____ Provided data

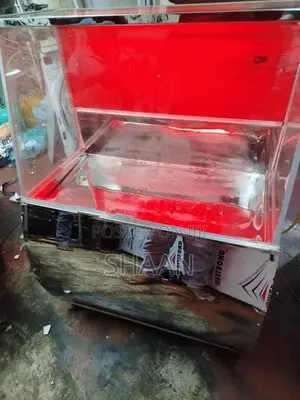 කුකුල් මස් සහ මාළු ශීතකරන. Chicken & Fish Display Coolers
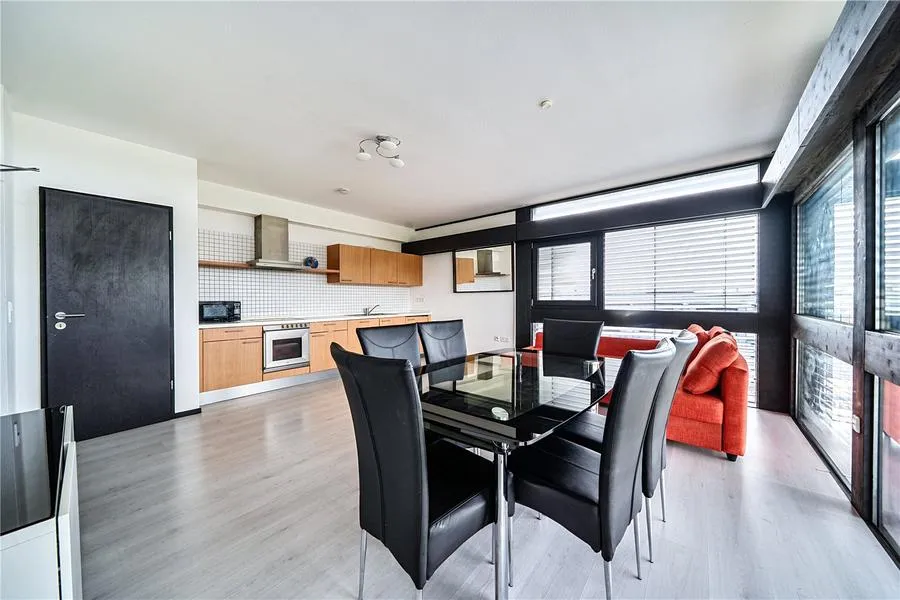 Victoria Villas, Richmond, TW9, photo 2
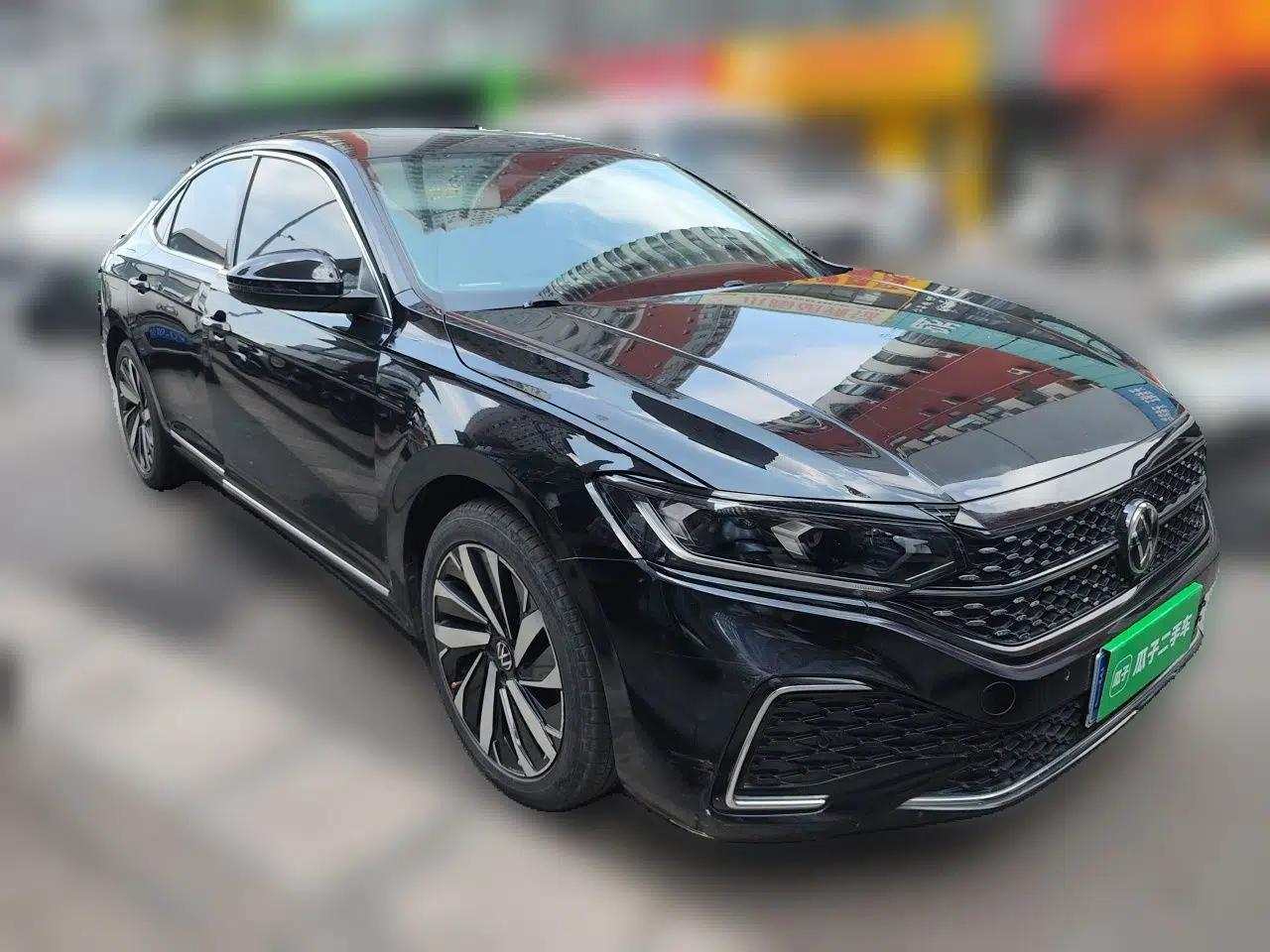 Volkswagen Passat 2022 330TSI Starry Elite Edition — миниатюра 3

________

*What to do:* Please retype the whole of the data precisely, omitting pictures.

*Answer to this task:*
 කුකුල් මස් සහ මාළු ශීතකරන. Chicken & Fish Display Coolers
 Victoria Villas, Richmond, TW9, photo 2
 Volkswagen Passat 2022 330TSI Starry Elite Edition — миниатюра 3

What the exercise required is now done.